Other aspects of personality can cause stress. Examples are perfectionism, where extremely or impossibly high standards can cause stress; and excessive self-effacement, where constant attention to the needs of others can lead to dissatisfaction. A major cause of internally generated stress in many people is anxiety.

Environmental and Job Stress

Your environment may be a significant source of stress. This can come from:

  • Crowding and invasion of personal space
  • Insufficient working and living space
  • Noise
  • Dirty or untidy conditions
  • Pollution
  • A badly organised or run down environment
  • Working environments are rarely perfect, however often you can improve your environment quite cheaply.

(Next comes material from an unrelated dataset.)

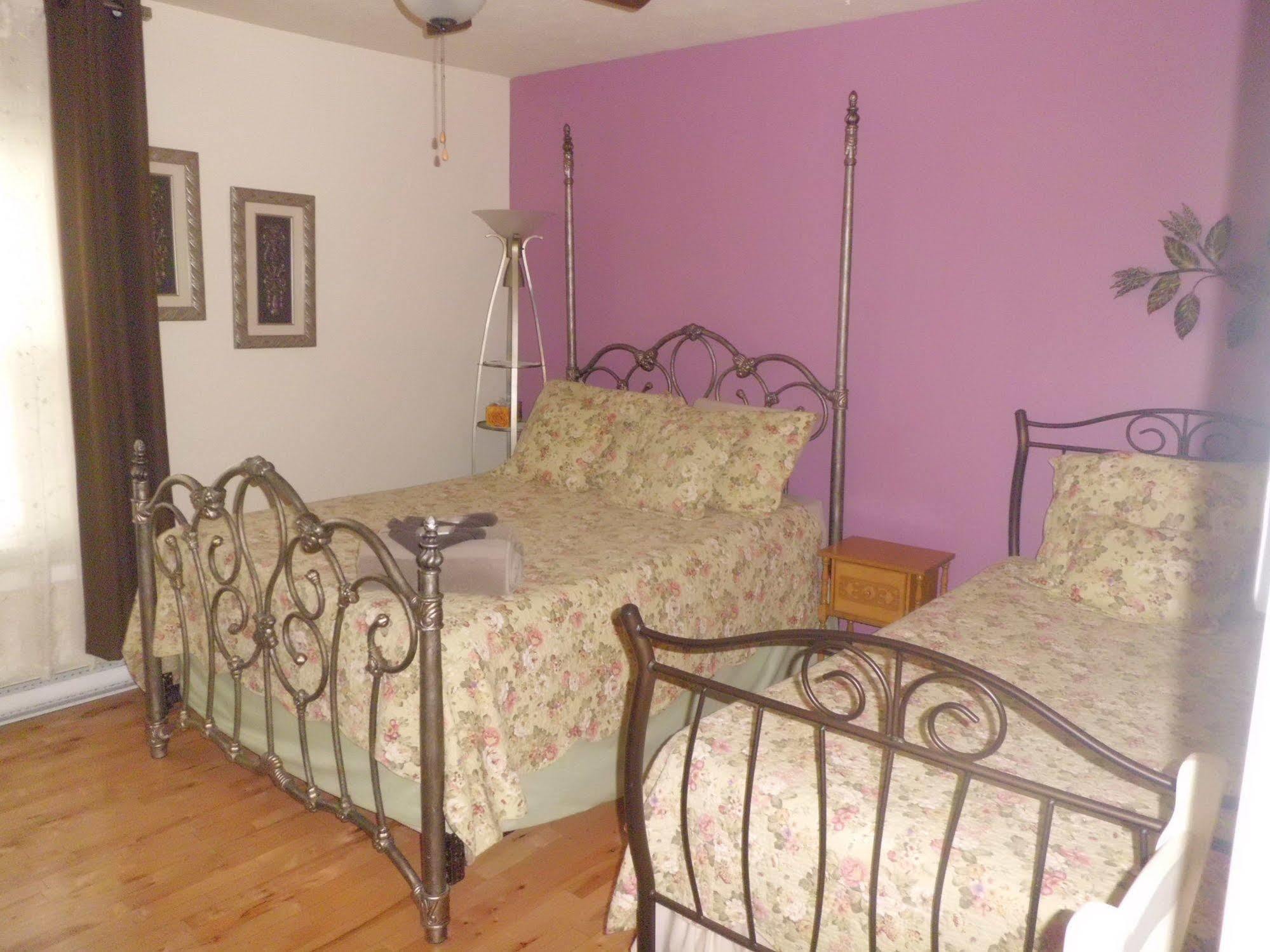 Au Coeur De Magog Bed & Breakfast エクステリア 写真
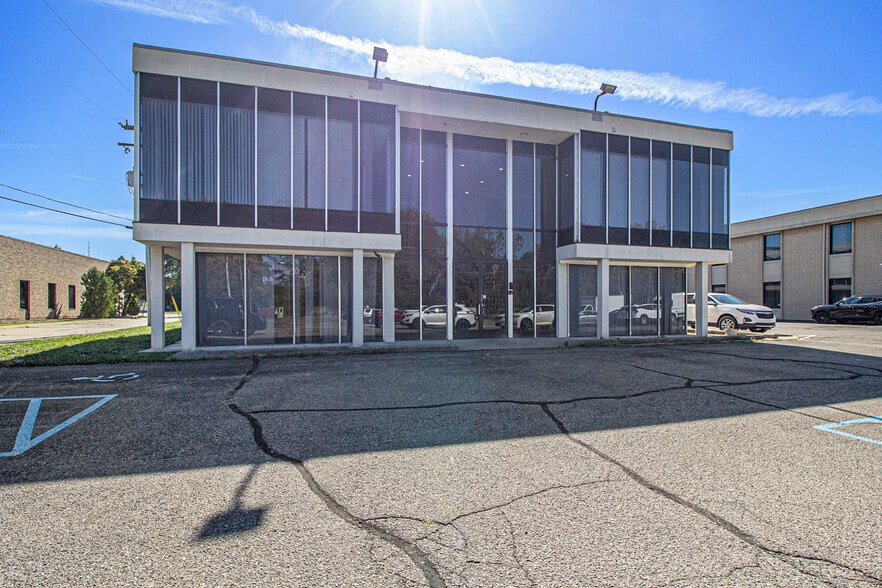 17220 W 12 Mile Rd, Southfield, MI for sale - Building Photo - Image 2 of 15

Chemical and Nutritional Stresses

The food you eat may contribute to the stresses you experience. Examples of stressors you may not be aware of are:

  • Caffeine: this raises your levels of stress hormones, makes it more difficult to sleep, and can make you more irritable. Many people report as big a reduction in feelings of stress after switching away from coffee as they do after giving up smoking. Note that there is often as much caffeine in a cup of tea as there is in a cup of coffee.
  • Bursts of sugar from sweets or chocolate: these can make you feel more energetic in the short term. However your body reacts to stabilize abnormally high sugar levels by releasing too much insulin. This causes a serious energy dip shortly after the sugar high.
  • Too much salt: This raises your blood pressure and puts your body under chemical stress.
  • Smoking: most people who smoke feel relaxed after a cigarette. If you smoke, however, try taking you pulse before and after a cigarette and think about the difference. Smoking puts your body under chemical stress. Most people who have given up smoking feel much more relaxed generally after the initial 'giving up' period is finished.

As well as these specific sources of stress, you may experience stress if you eat an unbalanced or unhealthy diet. You may find that some dietary deficiency or excess causes discomfort and illness which generates stress. If you are obese, then this causes physical stress on your internal organs and emotional stress as your view of yourself declines.

While there is a lot of crooked, biased, naïve or incorrect dietary information around, you can normally rely on nutritional advice from your doctor or from government health education. Before you accept advice, examine the motives of the people offering the advice!

Lifestyle and job stress

Many of the stresses you experience may come from your job or from your lifestyle. These may include:

  • too much or too little work
  • time pressures and deadlines
  • responsibility for people, budgets or equipment
  • frustration and boredom with current role
  • lack of clear plans and goals
  • demands from clients
  • disruptions to plans
  • frustration at having to overcome unnecessary obstacles
  • financial or relationship problems
  • ill-health
  • family changes such as birth, death, marriage or divorce
  • etc.

Fatigue and Overwork

Here stress builds up over a long period. This can occur where you try to achieve too much in too little time, or where you are not using effective time management strategies.